Personal information
- Born: December 21, 1989 (age 36) Virginia Beach, Virginia, U.S.
- Listed height: 6 ft 4 in (1.93 m)
- Listed weight: 232 lb (105 kg)

Career information
- High school: Ocean Lakes (Virginia Beach)
- College: Virginia Tech
- NFL draft: 2013: undrafted

Career history
- New York Giants (2013)*; New York Jets (2013)*; Saskatchewan Roughriders (2015);
- * Offseason and/or practice squad member only
- Stats at Pro Football Reference

= Marcus Davis (gridiron football) =

American gridiron football player (born 1989)

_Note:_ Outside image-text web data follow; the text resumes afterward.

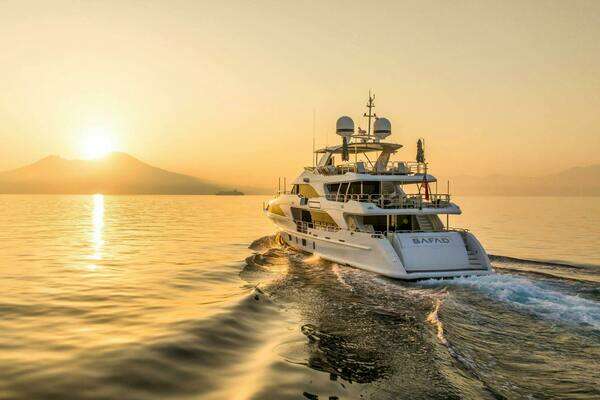 Photo of the 2015 Benetti Benetti Classic 121 "SAFAD"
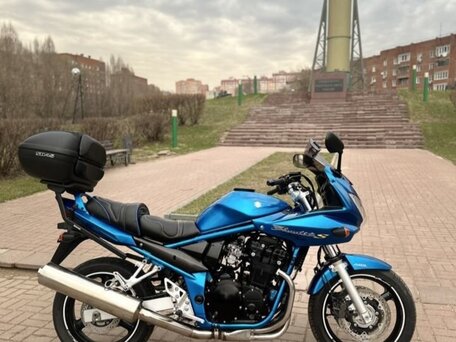 2006 Suzuki Bandit GSF 650, синий, 430000 рублей, вид 4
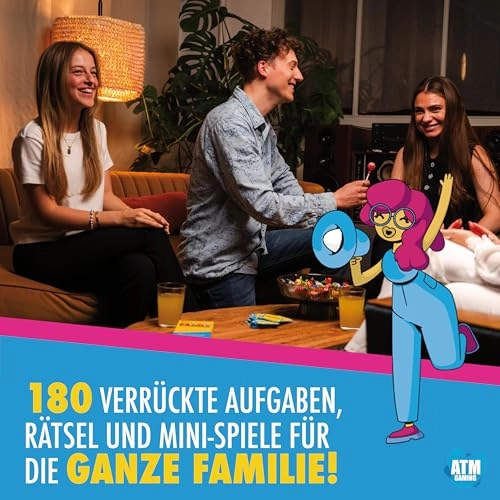 Family Challenge - German 8 years and up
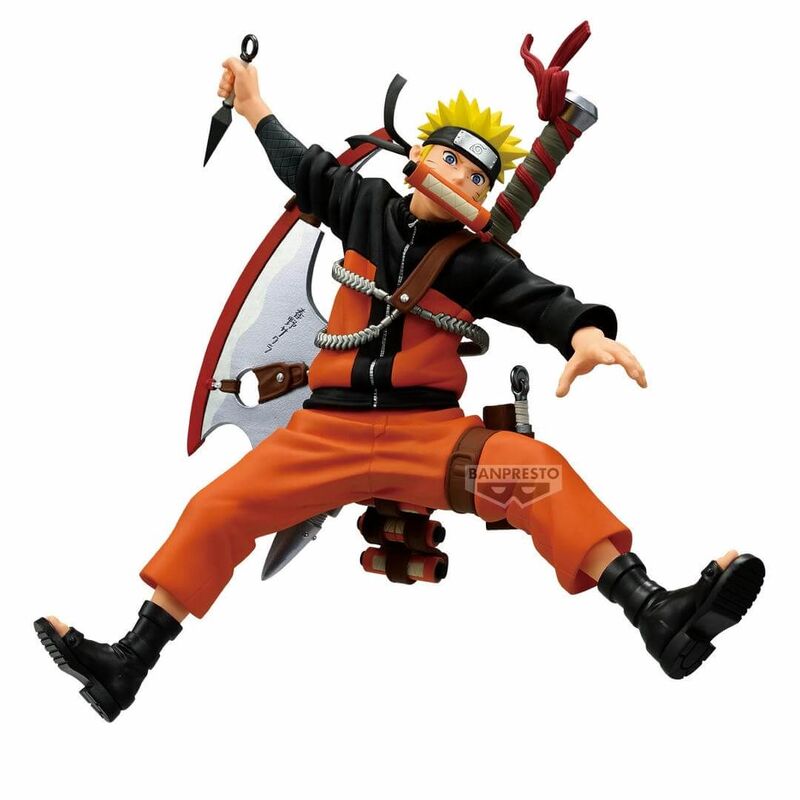 Uzumaki Naruto Vibration Stars 33 - Naruto Figure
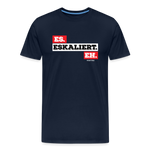 Eskaliert T-Shirt - Navy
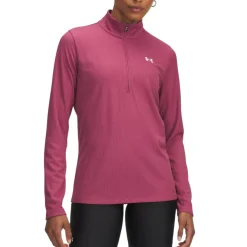 Women's UA Tech™ Rib ½ Zip Sweater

Marcus Darnell Davis (born December 21, 1989) is an American former football wide receiver. He was signed as an undrafted free agent by the New York Giants in 2013. He played college football at Virginia Tech.

==Early life==
He attended Ocean Lakes High School in Virginia Beach, Virginia. He was named first-team All-Tidewater as a quarterback by The Virginian Pilot and also was selected to the First-team All-Beach District. He was ranked as the 9th best prospect in the state of Virginia by The Roanoke Times. He was ranked as the 112th best wide receiver prospect in the country by SuperPrep.

==College career==
===Virginia Tech===

====Freshman season====
In his freshman year, he only recorded five receptions, 125 receiving yards along with one receiving touchdown.

====Sophomore season====
In his sophomore year, he had 19 receptions, 239 receiving yards and two receiving touchdowns.

====Junior season====
In his junior year, he had 30 receptions, 510 receiving yards and five receiving touchdowns.

====Senior season====
In his senior year, he had a career-high 51 receptions, 953 receiving yards and five receiving touchdowns. On December 5, 2012, he was selected as a 2012 Coaches All-ACC Honorable Mention following the season.

==Professional career==

=== 2013 NFL Combine ===

Pre-draft measurables
| Height | Weight | Arm length | Hand span | 40-yard dash | Three-cone drill | Vertical jump | Broad jump | Bench press |
| 6 ft 3 in (1.91 m) | 233 lb (106 kg) | 32+3⁄4 in (0.83 m) | 10+1⁄4 in (0.26 m) | 4.56 s | 7.15 s | 39.5 in (1.00 m) | 120 ft 0 in (36.58 m) | 19 reps |
All values from the NFL Combine

===New York Giants===
On April 27, 2013, he signed with the New York Giants as an undrafted free agent following the 2013 NFL draft.

===New York Jets===
On May 15, 2013, he was claimed off waivers by New York Jets. He was waived on August 4, 2013. Upon clearing waivers, he was placed on the Jets' injured reserve list. Davis was released with an injury settlement on August 23, 2013.

===Kansas City Chiefs===
Marcus Davis signed to a deal with the Kansas City Chiefs during the offseason.

===Saskatchewan Roughriders===
Davis signed with the Saskatchewan Roughriders on September 9, 2015 and played in his first and only CFL game on October 31, 2015 where he had two catches for 11 yards. He was re-signed after the 2015 season, but was released during 2016 training camp on June 6, 2016.